Michelle Nguyen is an experimental multimedia artist based in NYC. In her work, she explores the darker themes of what we see in films, commercials, and childhood movies. She montages audio and imagery to manipulate their pre-existing narratives to tell a humorous but dark subplot. Through her video based installations, Michelle combines fantasy and play to create an environment that is enticing yet eerie and ominous.

Digital mixed-media artist Anne Spalter is an academic pioneer who founded the original digital fine arts programs at Brown University and The Rhode Island School of Design (RISD) in the 1990s and authored the internationally taught textbook, “The Computer in the Visual Arts” (Addison-Wesley, 1999). Her artistic process combines a consistent set of personal symbols with a hybrid arsenal of traditional mark-making methods and innovative digital tools. A new body of work, further developed at a Winter 2019 residency at MASS MoCA, combines artificial intelligence algorithms with oil paint and pastels. She is currently creating work for the blockchain. Spalter is also noted for her large-scale public projects. MTA Arts commissioned Spalter to create a 52-screen digital art installation, New York Dreaming, which remained on view in one of its most crowded commuter hubs (Fulton Center) for just under a year. Spalter’s 2019 large-scale projects included a 47,000 square foot LED video work on the Hong Kong harbor. Spalter’s work is in the permanent collections of the Victoria and Albert Museum (London, UK); the Albright-Knox Art Gallery (Buffalo, NY); the Rhode Island School of Design Museum (Providence, RI); The Museum of CryptoArt, and others. Alongside her studio practice, Spalter continues to lecture on digital art practice and theory.

Ziyang Wu (b.1990, Xuzhou, China) is an artist based in New York with an MFA from the Rhode Island School of Design, and a BFA from the Florence Academy of Fine Arts. His animated video, AR, AI simulation and video installation have exhibited internationally including solo exhibitions at Annka Kultys Gallery, London; Nancy Margolis Gallery, New York; Hatch Art Project, Singapore and CO2 Gallery, Florence, and group exhibitions at Medici Palace, Florence; Milan Design Week, Milan; Today Art Museum, Beijing; Times Art Museum, Beijing; Artron Art Center, Shenzhen; Powerlong Museum, Shanghai; Institute of Contemporary Art (ICA), Philadelphia; Rochester Art Center, Rochester; Cohen Gallery at Brown University, Providence; Eli Klein Gallery, New York and Microscope Gallery, New York. His recent fellowships and residencies include MacDowell; Residency Unlimited; Institute for Electronic Arts, Alfred University; Art(ists) and on the Verge Fellowship by Northern Lights.mn. He is a current member of NEW INC, an art & technology incubator founded by the New Museum.

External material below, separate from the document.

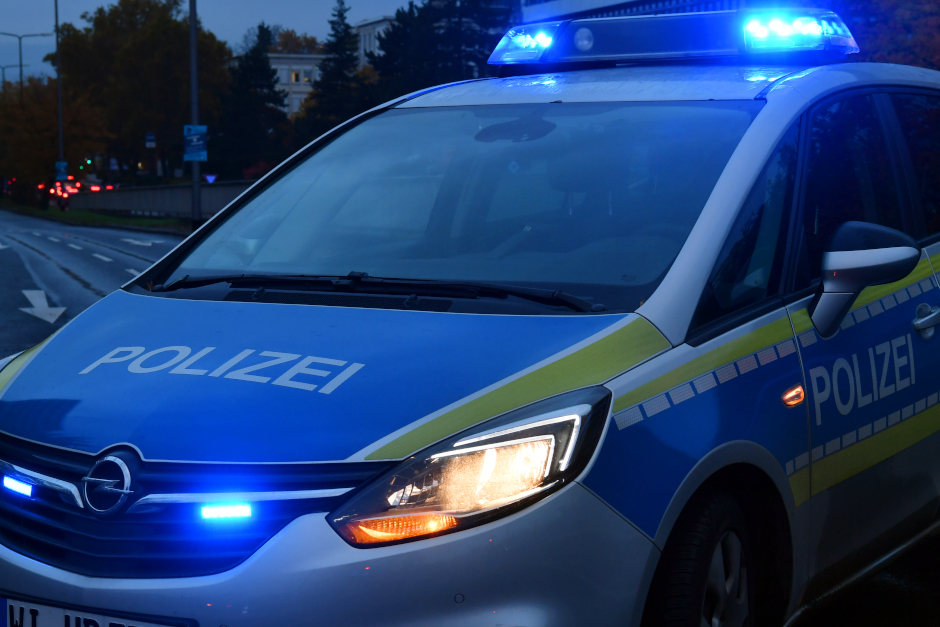 Werkzeuge aus zwei Transportern in Wiesbaden-Dotzheim und Wiesbaden-Kastel in den vergangenen Tagen gestohlen.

Ezra Wube (b. 1980, Ethiopia) is a mixed media artist who lives and works in Brooklyn, NY. His work references the notion of past and present, the constant changing of place, and the dialogical tensions between “here” and “there”. His exhibitions include Centre d’Art Contemporain Genève, the 21st Contemporary Art Biennial Sesc_Videobrasil, Brazil; The 2nd edition of the Biennale d’Architecture d’Orléans, France; “Gwangju Biennale”, Gwangju, South Korea; Chrysler Museum of Art, Norfolk, VA, Art in General, kim? Contemporary Art Centre, Riga, Latvia; The Studio Museum in Harlem, NY; “Dak’Art Biennale”, Dakar, Senegal and Time Square Arts Midnight Moment, NY. His residencies, commissions and awards include Smack Mellon Studio Program, Brooklyn, NY; Pioneer Works, Brooklyn, NY; Work Space, LMCC Residency Program, New York, NY; Open Sessions Program, The Drawing Center, New York, NY; The Africa Center, NY; The Metropolitan Transportation Authority, NY; Museum of the Moving Images, Queens, NY; Rema Hort Mann Foundation; the Triangle Arts Association Residency, Brooklyn, NY and The Substation Artist Residency Program, University of Witwatersrand, Johannesburg, South Africa.